Alors que le maire tentait de changer ses esprits en se plongeant dans ses dossiers, le Shérif de la ville - et l'élue de son cœur - débarqua dans le bureau. Regina ne releva pas la tête.
- Vous aussi vous tentez de fuir le monde extérieur ? Demanda Emma avec un ton narquois en avançant lentement.
- Ils me dégoutent tous. Tous autant qu'ils sont. L'amour est une faiblesse, Mademoiselle Swan ! Répondit Regina avec ironie en croisant le regard de la blonde un court instant.
Emma comprit par ses propos que Regina n'était vraiment pas une femme faîte pour l'amour. Et pourtant cela ne la découragea pas à lui proposer une sortie.
- Écoutez Madame Mills, bien que cette journée ait le profil de... euh Emma cherchait promptement ses mots... d'une journée barbante, nous ne devons pas en aucun cas en subir les conséquences. C'est pourquoi aujourd'hui nous allons sortir faire un tour et prendre un bol d'air frais. Cela serait dommage de ne pas profiter du temps !
Le maire dévisageait sa fonctionnaire avec des yeux ronds. Elle n'était pas sûre de comprendre parfaitement la mascarade de son Shérif. Emma remarqua le regard perplexe de la brune et lui sourit.
-Mettez quelque chose avec laquelle vous êtes à l'aise. Rejoingez-moi ensuite à cette adresse.
Emma tendit un bout de papier plié à Regina avant de sortir du bureau satisfaite. La Reine le déplia et se retint de sourire. Elle connaissait l'adresse. À quel jeu jouait Swan ?
Bien que surprise par l'invitation d'Emma, Regina rentra au manoir se changer et enfiler quelque chose de plus souple et salissant. Elle reprit ensuite sa Mercedes et fila au nord de la ville comme l'était inscrit sur le papier.

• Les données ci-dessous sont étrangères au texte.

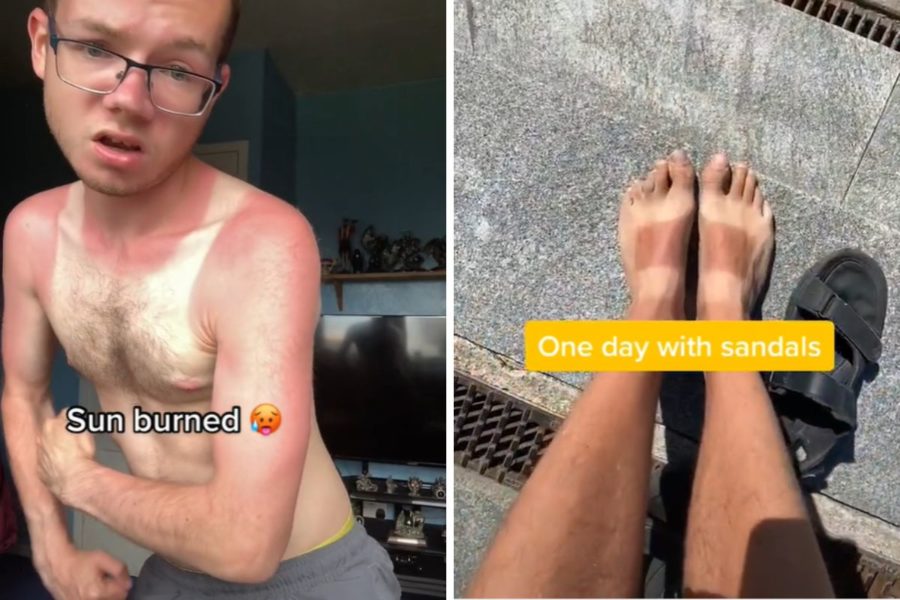 sunburnt challenge tiktok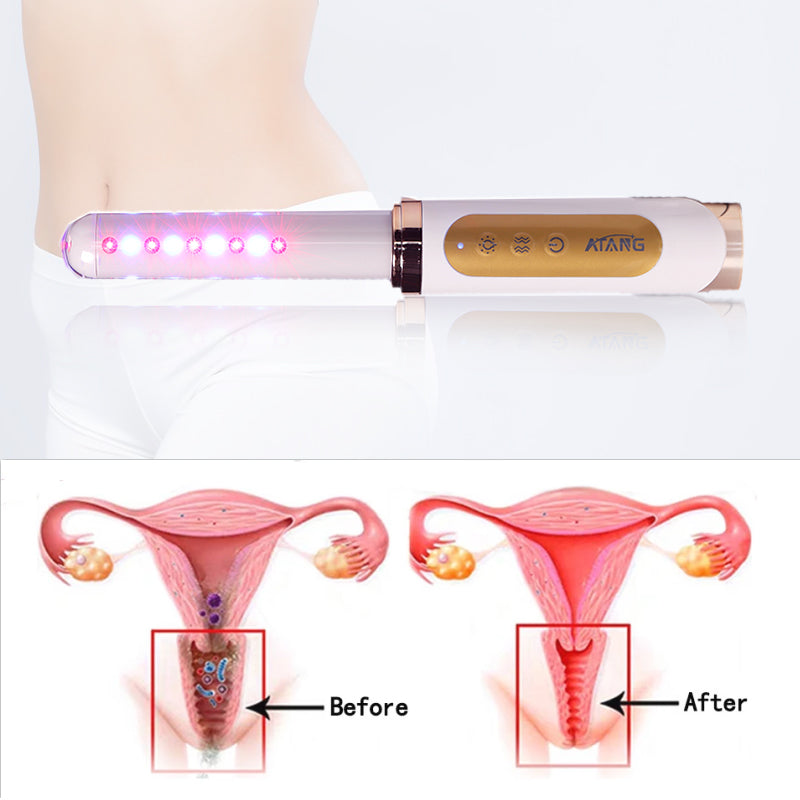 Home Cervical Erosion Cold Laser Therapy Supports Vaginal Tightening Vaginitis Daily Care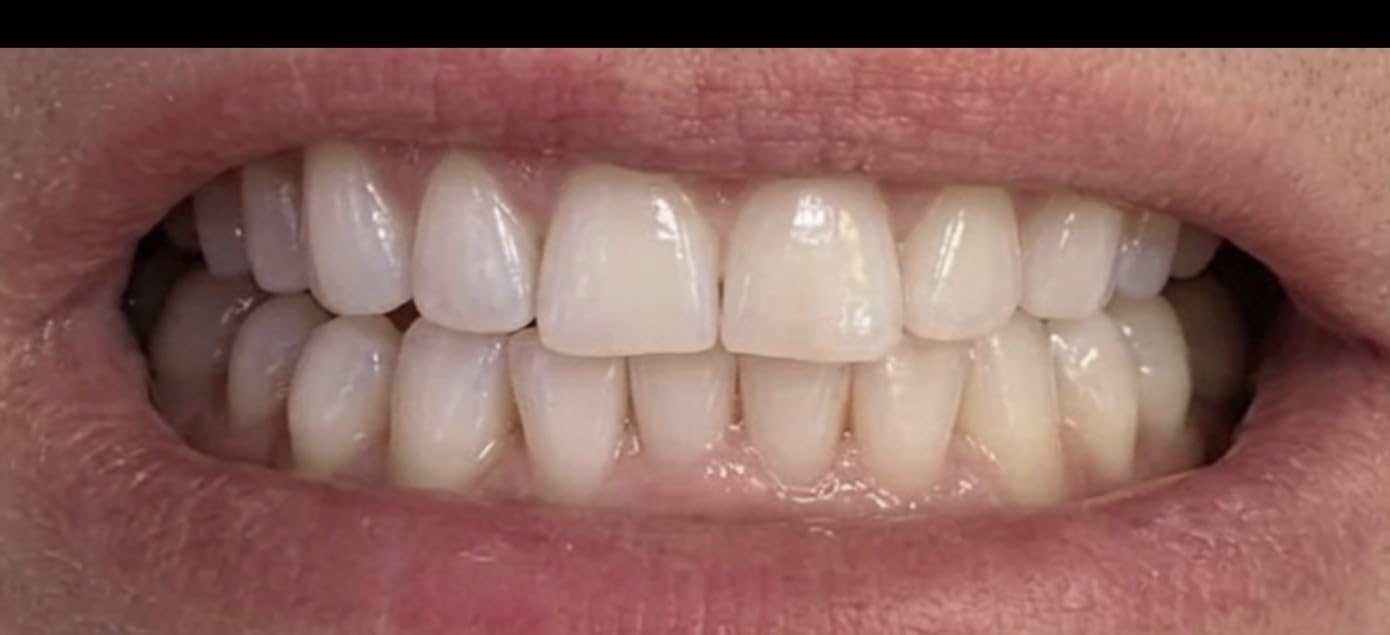 Crest 3DWhitestrips 1 Week Smile Transformation At-Home Teeth Whitening Kit, 14 Treatments, 8 Levels Whiter in 1 Week customer photo 1
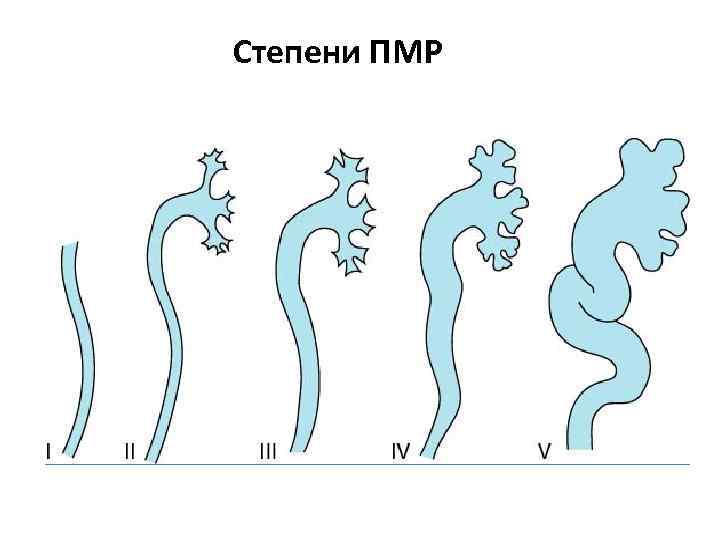 Степени ПМР 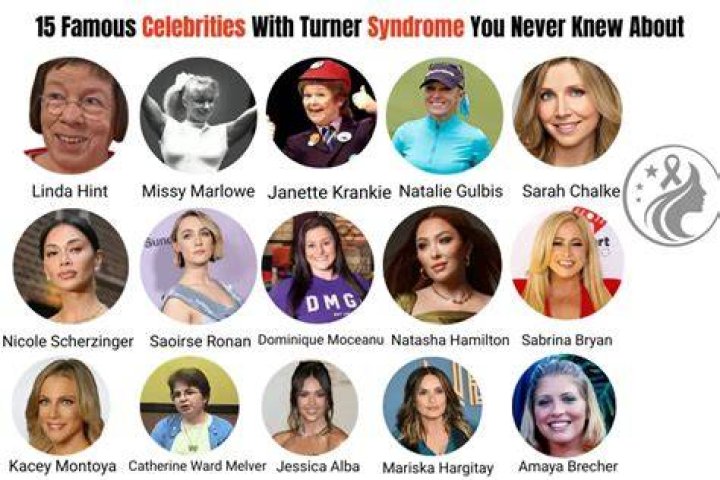 Turner Syndrome Celebrities: Uncovering Triumphs And Inspiration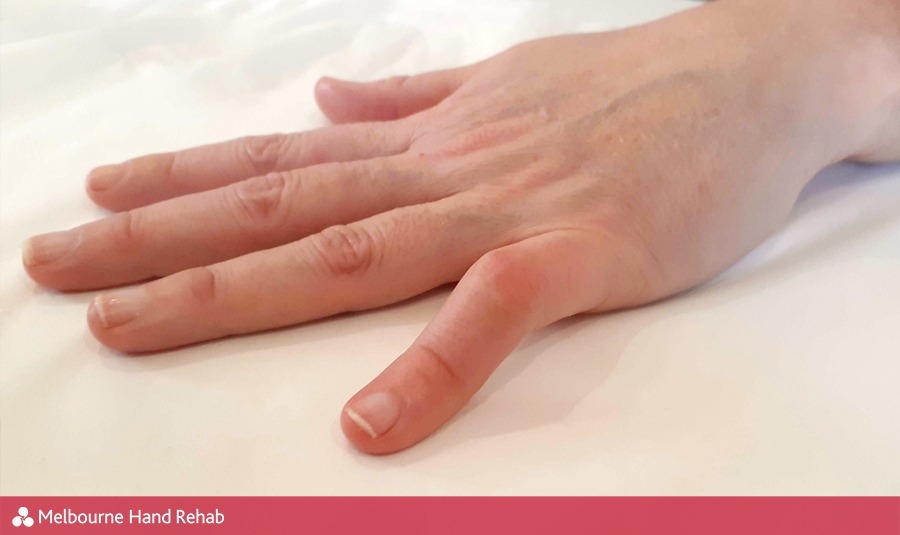 Finger Hurts When Bent gut Doesn't Swell: 5 Causes | Excel PTExcel Sports PT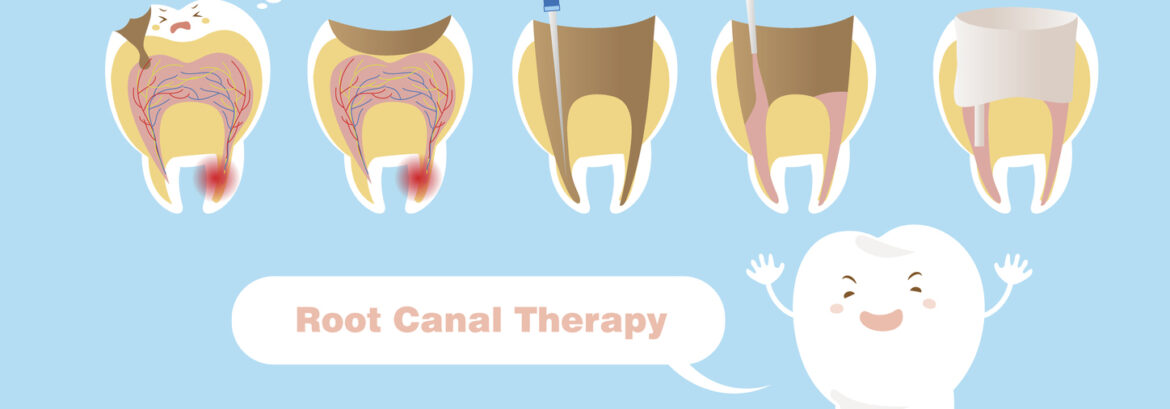 6 Reasons Why You Might Need a Root Canal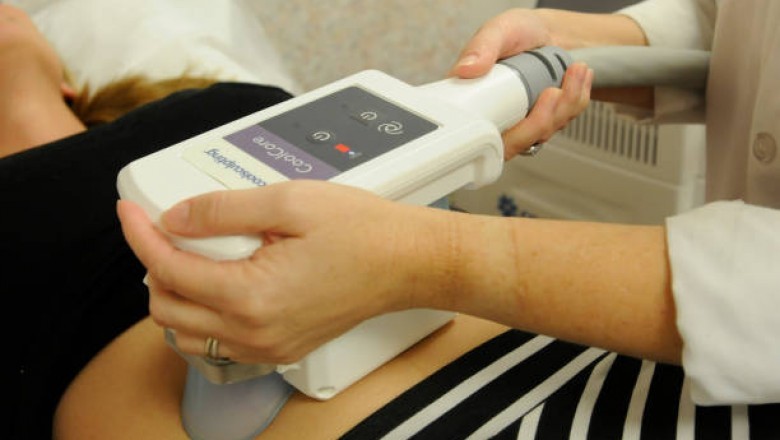 Does coolsculpting really work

- Mademoiselle Swan ? Appela Regina tout en marchant lentement parmis les boxs.
Une hénissement de cheval se fit retentir au box qu'elle ne connaissait plus que trop bien et une voix familière lui répondit.
- Je suis ici. Dans le box de Diesel !
La jeune femme marcha donc vers ledit box et vit sous ses yeux le bel étalon harnaché visiblement par Emma elle-même. Cette dernière se retourna avec un large sourire :
- Surprise !
Regina resta plantée là sans savoir quoi dire.